Jalur pedestrian di Kawasan Strategis Pariwisata Nasional (KSPN) Borobudur, Magelang, Jawa Teng, dipasangi guiding block. Namun jalan pemandu bagi difabel tunanetra itu ada yang menabrak tiang hingga pohon.
Pantauan di lokasi, Senin (24/1/2022), jalur pedestrian yang dibangun pemerintah di KSPN Borobudur pada 2020/2021 itu berada di beberapa titik. Salah satunya di sekitar Jembatan Brojonalan, perbatasan wilayah Kecamatan Mungkid dengan Kecamatan Borobudur. Di sisi kanan dari arah Mendut menuju Borobudur atau di sisi kiri dari arah Borobudur menuju Mendut juga dibuat jalur pedestrian.
Tampak lebar pedestrian yang sebelah kanan (arah Mendut) maupun sebelah kiri berbeda. Di lokasi ini pun juga dipasang guiding block. Hanya saja pemasangan guiding block ini ada yang menabrak pohon palem hias, tiang lampu, tiang kabel telepon hingga menabrak tempat bendera.

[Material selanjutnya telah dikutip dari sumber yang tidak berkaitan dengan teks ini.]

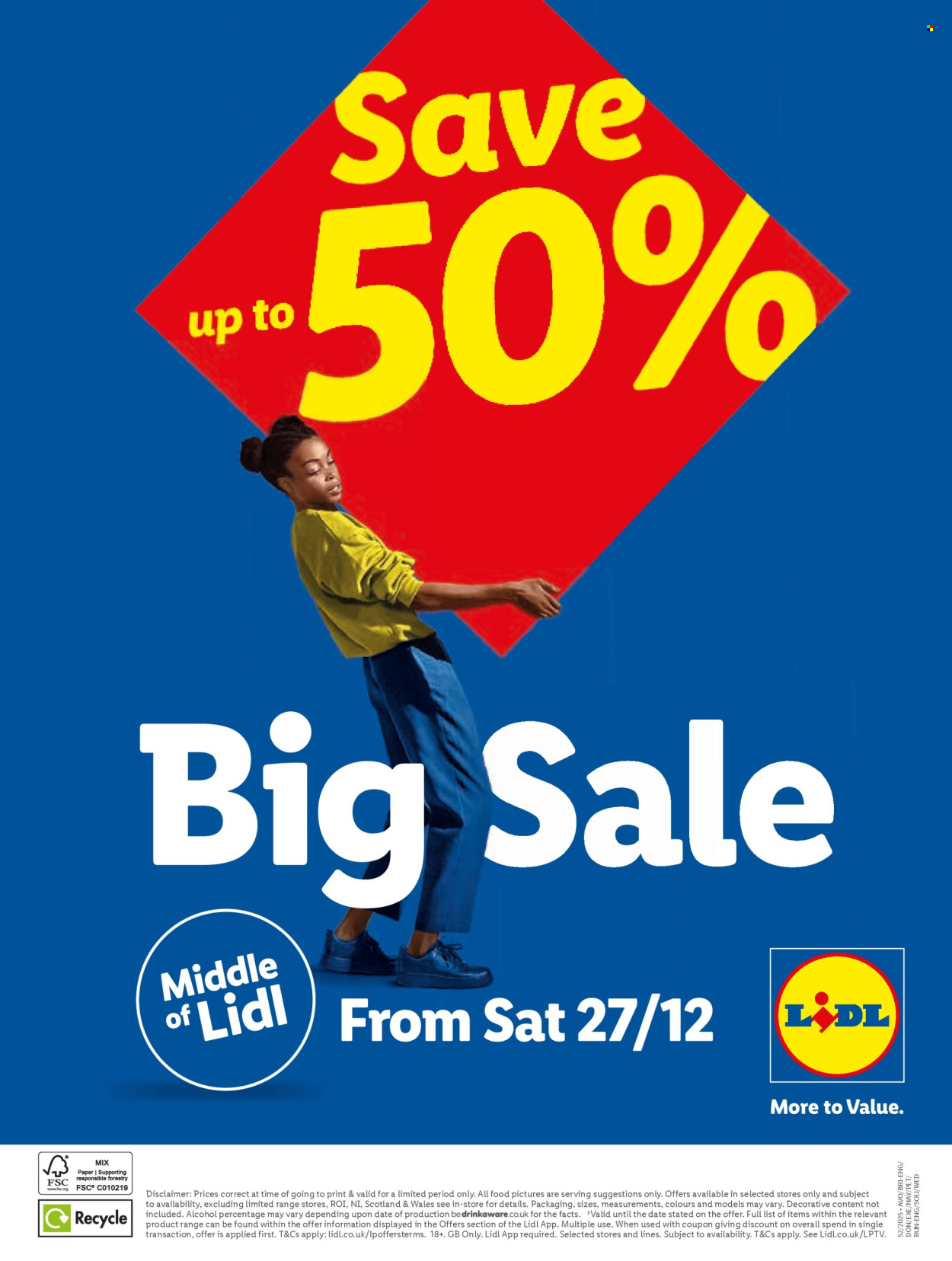 Lidl offer - 27/12/2025 - 31/12/2025. Page 9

Ada juga pemasangan guiding block ini yang menabrak penutup gorong-gorong sehingga terkesan terputus-putus.
SCROLL TO CONTINUE WITH CONTENT
Terkait dengan guiding block tersebut, Kepala Satker PJN Wilayah III Provinsi Jateng, Raden Hendriastomo, mengatakan untuk pemasangannya memang belum ideal.
"Untuk pemasangan jalur disabilitas belum bisa sesuai ideal karena masih ada tiang listrik dan tiang utilitas serta adanya keterbatasan lebar trotoar. Saat ini, kami upayakan perbaikan jalur disabilitas tersebut yang masih dalam masa pemeliharaan oleh penyedia jasa," kata Hendriastomo kepada wartawan dalam pesan melalui WhatsApp, Senin (24/1/2022).

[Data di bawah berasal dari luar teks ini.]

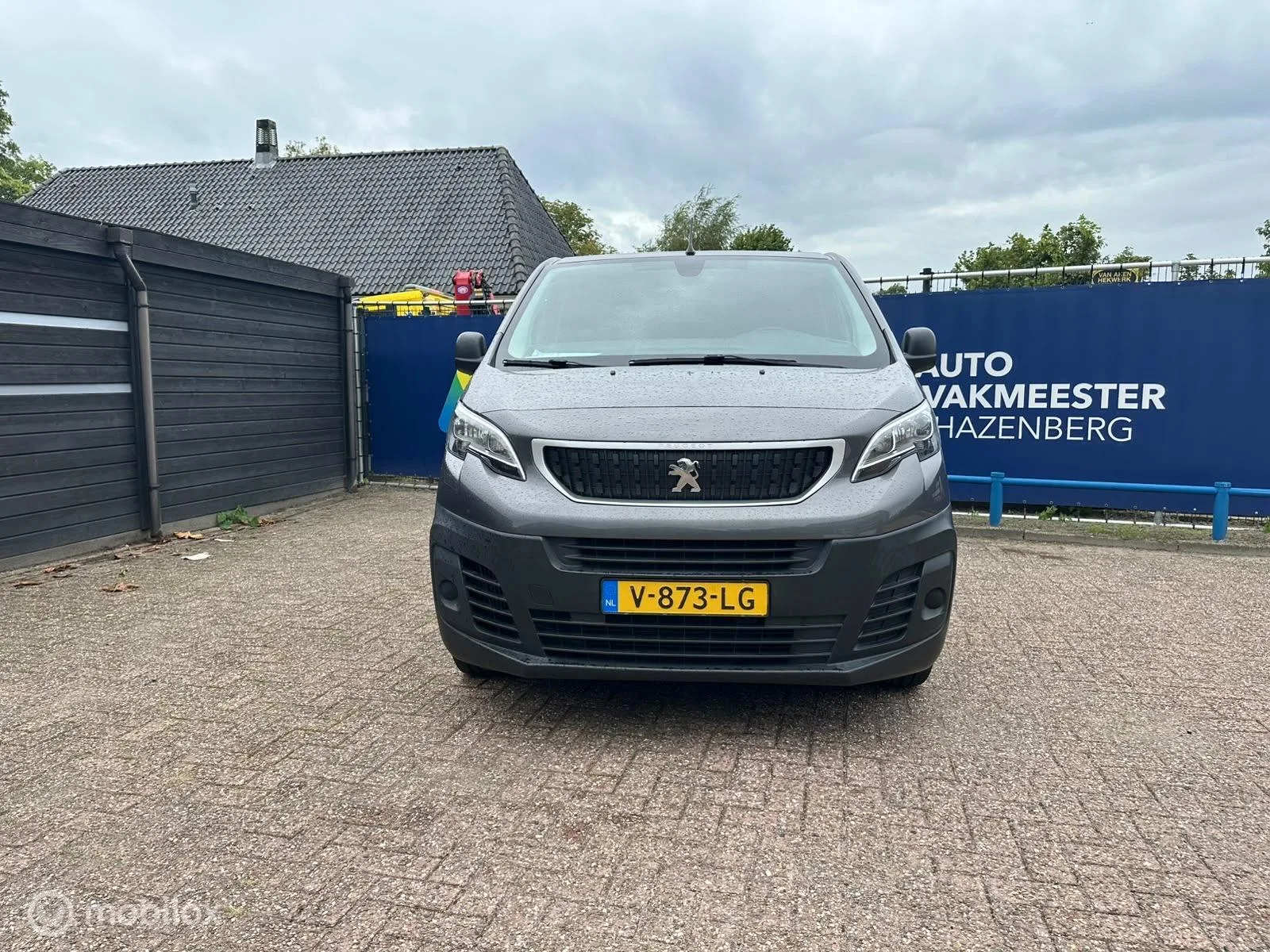 Peugeot Expert (2018) — foto 1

Dihubungi terpisah, Humas DPC Persatuan Tunanetra Indonesia (Pertuni) Kabupaten Magelang, Hendry Hernowo, mengatakan pemasangan guiding block itu tidak ramah difabel.

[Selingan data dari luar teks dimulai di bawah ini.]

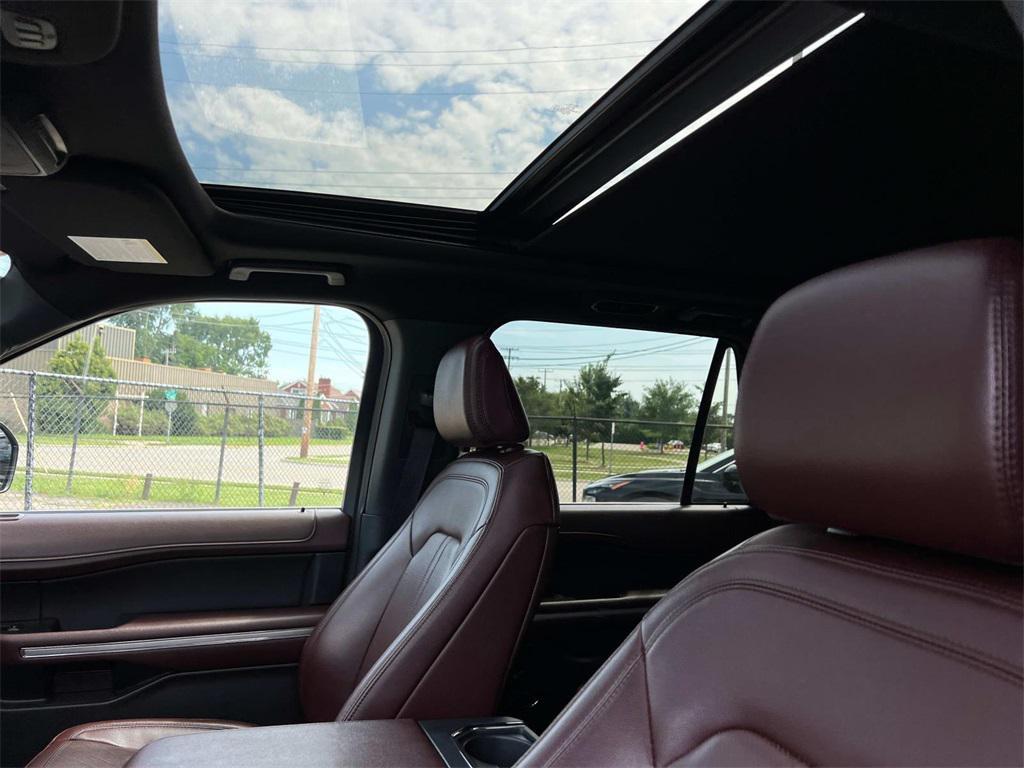 used 2023 Ford Expedition Max car, priced at $45,000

"Pemasangan masih serem ada yang nabrak pohon, nabrak tiang, itu sangat membahayakan. Itu sebenarnya juga nggak standar, tapi kalau itu terlalu menggak-menggok itu menurut saya juga akan menyulitkan navigasinya disabilitas juga," kata Hendry.
"Jadi lebih tepatnya ya itu dicari win win solution, apakah pohonnya yang dipangkas atau jalurnya ini, walaupun agak ekstrem, tapi diputar sedikit misalnya memutari pohon itu. Karena kalau harus bongkar biaya kan terlalu mahal. Jadi pembelajaran bagi yang belum ada harus dirancang itu dari awal bukan tambal sulam," tuturnya.
![]() |
Disinggung terkait perencanaan, katanya, dalam perencanaan tersebut tidak melibatkan komunitas difabel.
"Nggak ada. Apalagi yang besi, KSPN bukan kewenangan kabupaten," ujar dia.
Hendry mengakui pernah mencoba jalur pedestrian dari terminal menuju arah Candi Borobudur. Saat mencoba tersebut ada titik-titik tertentu yang menyulitkan. Kemudian, jalur putus tidak ada pemberitahuannya.
"Titik-titik tertentu serem, tiba-tiba srok kena pohon, srok kena nggak tahu kontak besar itu, pasar sampai candi. Lebih seramnya lagi sebenarnya tiba-tiba putus, nggak ada pemberitahuan yang mbulet gitu lho warning block," katanya.
Pihaknya berharap sejak awal perencanaan melibatkan difabel. Sehingga proyek yang dikerjakan tepat sasaran.
"Intinya sekarang harus menyuarakan, tapi solusinya harus dibongkar atau solusinya harus renovasi itu pasti dianggap tidak masuk akal karena uangnya akan terlalu mahal. Harapan saya daripada bongkar-bongkar, kenapa nggak dari awal melibatkan dengan disabilitas sejak perencanaan sehingga benar-benar tepat guna, tepat bentuknya, standarnya sesuai dan akhirnya benar-benar terpakai," pungkasnya.